Maria Hinojosa salutes Cesar Chavez

Those who fight for the rights of the underpaid, the undocumented, the uneducated and others on the lowest rungs of society are the true defenders of American values.

That was the message brought to Kansas City recently by award-winning journalist Maria Hinojosa.

Hinojosa, a groundbreaking news anchor and reporter for PBS, NPR, and CNN, delivered the 6th Annual Cesar Chavez Keynote Address at the University of Missouri-Kansas City. Hinojosa’s address, sponsored by the UMKC Division of Diversity, Access and Equity, was the highlight of UMKC’s annual Cesar Chavez Celebration, commemorating the struggle for humane working conditions, dignity, equality and opportunity for all.

“Cesar Chavez became more than just a labor leader, because he was using the democratic process to pursue the long-term goals of justice and democracy,” Hinojosa said. “He became a symbol of American democracy and American values.”

By doing so, she said, he answered a call to duty that is still being heard, and answered, today.

“Now we are faced with a similar historic challenge,” she said. “This is our moment, and we all have to seize it entirely.”

By doing so, she said, Latinos are not just engaging in self-interest, but acting patriotically.

“We are the leaders in saving this democracy – not just for us, but for all of us,” she said. “We have to be fearless, and we have to be filled with love.”

Hinojosa said she, like most Latinos in the U.S., is “living the U.S. mambo: three steps forward, two steps back.”

In 2012, she said, “Latinos showed their power at the voting booth in numbers never imagined before.” Other signs of progress she cited ranged from Sofia Vergara becoming the highest-paid television actress in the U.S., to Sonia Sotomayor being appointed to the U.S. Supreme Court, to Google placing a salute to Chavez on its homepage on March 31 – instead of a graphic honoring Easter Sunday.

“But all is not well – far from it,” she added, pointing out the “exploding” number of detentions and deportations of immigrants, that Latinas have the highest suicide rate of any ethnic group in the U.S., and that the Latino high school dropout rate remains at 50 percent.

“Surely we can spend as much on that as we do on securing the southern border,” Hinojosa said.

Hinojosa was introduced by UMKC student Elizabeth Herrera of Kansas City, a recipient of both the Agapito Mendoza and Hispanic Development Fund scholarships offered at UMKC. She is majoring in French with a minor in mass communications.

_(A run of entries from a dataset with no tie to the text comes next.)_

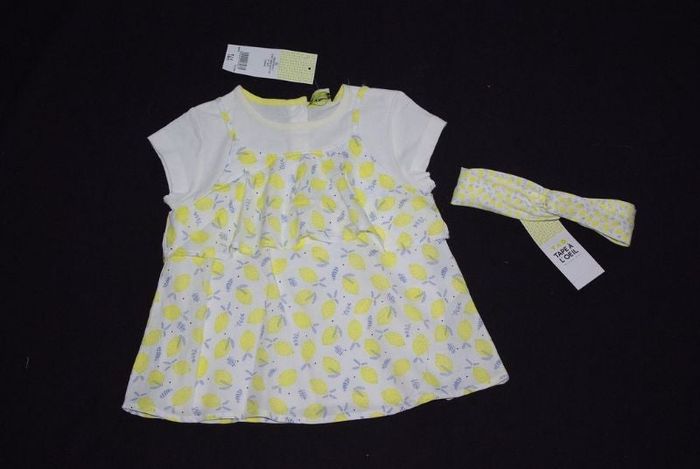ensemble citron 2 en 1 blouse + t-shirt + bandeau tao tape à l'oeil 23 mois 2 ans neuf étiquette
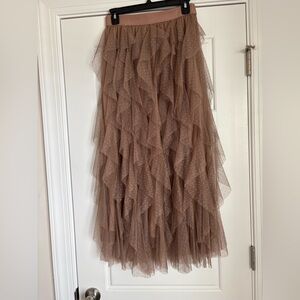 LTX Brown Ruffled Tulle Midi Skirt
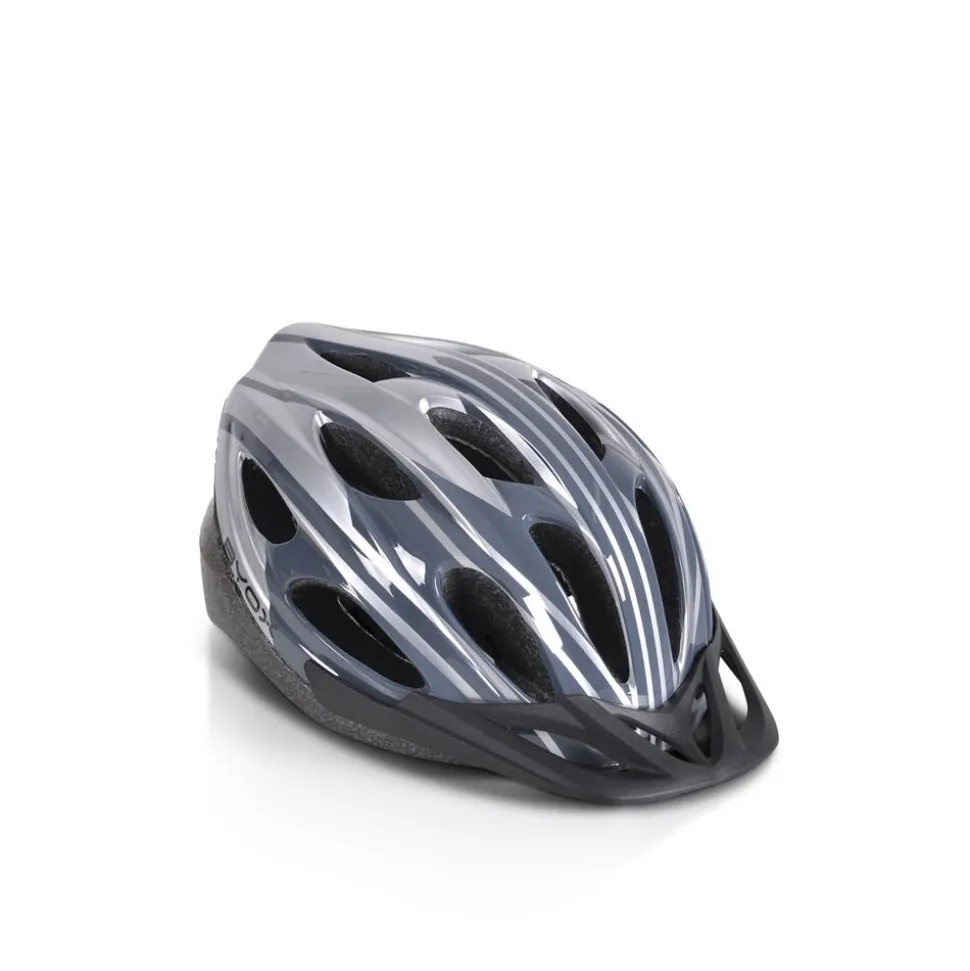Byox Kinder Schutzhelm Y02, 17 Löcher, Größe M, einstellbar 54-58 cm, LED-Licht grau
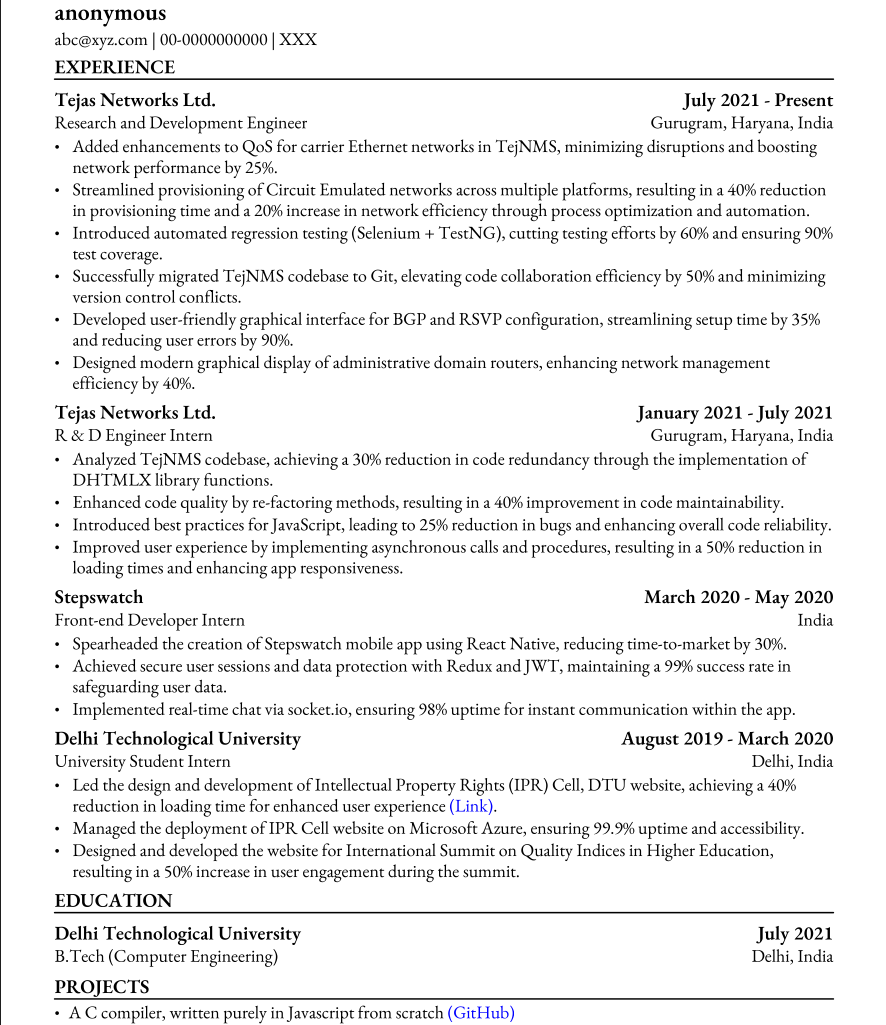 Generated resume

Herrera spoke of the ongoing need for strong Latinos and Latinas to provide leadership for their community and for the nation, and cited both Chavez and Hinojosa as examples of that leadership.

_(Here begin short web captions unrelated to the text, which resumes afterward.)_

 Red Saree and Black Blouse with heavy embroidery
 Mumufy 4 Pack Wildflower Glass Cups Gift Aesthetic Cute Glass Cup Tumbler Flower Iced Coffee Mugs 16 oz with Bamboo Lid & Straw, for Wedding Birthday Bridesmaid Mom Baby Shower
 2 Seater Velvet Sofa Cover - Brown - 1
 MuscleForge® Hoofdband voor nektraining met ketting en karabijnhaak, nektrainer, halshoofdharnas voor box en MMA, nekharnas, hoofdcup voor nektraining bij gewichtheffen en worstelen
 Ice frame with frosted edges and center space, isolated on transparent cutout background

Hinojosa has covered America’s untold stories and highlighted critical issues at home and abroad for more than 25 years. As the anchor and executive producer of her long-running weekly NPR show, Latino USA; and anchor of the talk show Maria Hinojosa: One-on-One from WGBH/La Plaza; she has informed millions of Americans about the fast growing multicultural mainstream in the United States.

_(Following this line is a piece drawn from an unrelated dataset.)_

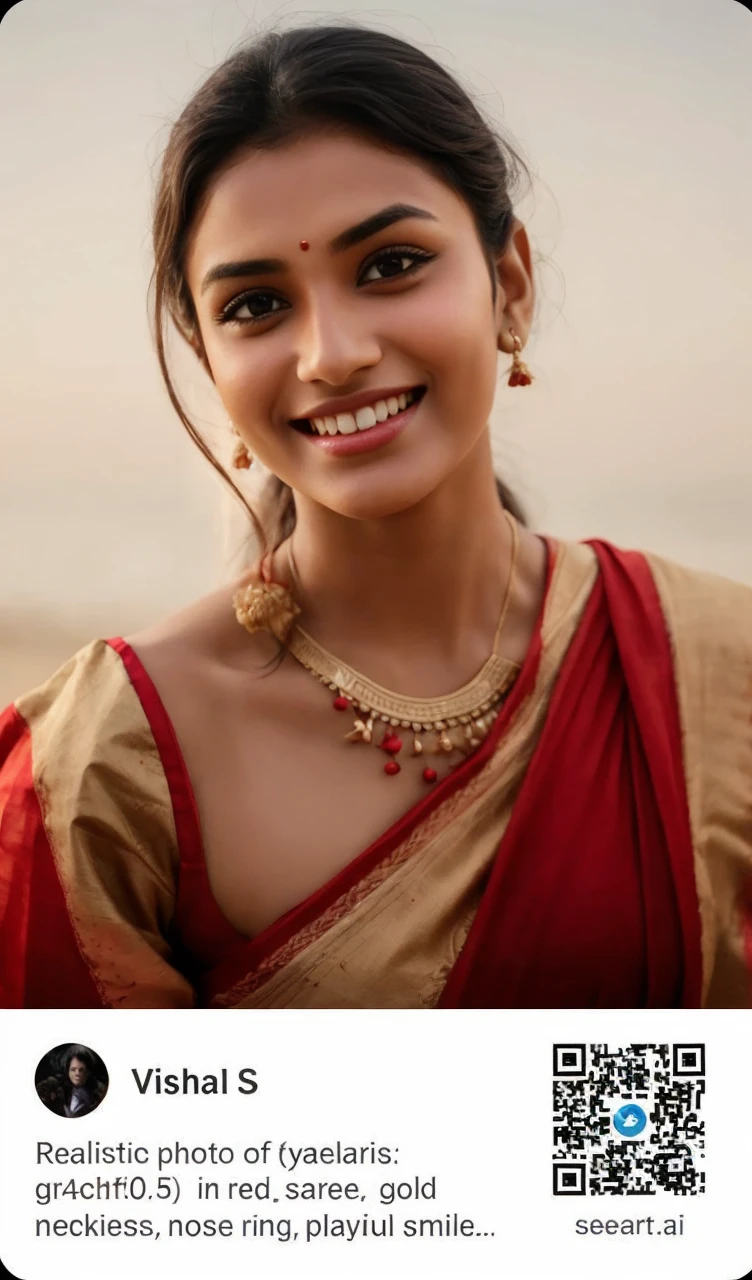 Indian women l with sharee with cute and big face vertuial face cutting different & cool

Hinojosa launched The Futuro Media Group in April 2010 with the mission to produce multi-media journalism that explores and gives critical voice to the diversity of the American experience. Previously a senior correspondent for NOW on PBS, and currently a rotating anchor for the PBS newsmagazine Need to Know, Hinojosa has reported hundreds of important stories—from the immigrant work camps in New Orleans after Hurricane Katrina, to teen girl victims of sexual harassment on the job, to stories of the poor in Alabama.

Hinojosa has received numerous awards for her work, including four Emmys; the 2012 John Chancellor Award for Excellence in Journalism; the Robert F. Kennedy Award for Reporting on the Disadvantaged; the Studs Terkel Community Media Award; and the Edward R. Murrow Award from the Overseas Press Club for best documentary for her groundbreaking Child Brides: Stolen Lives.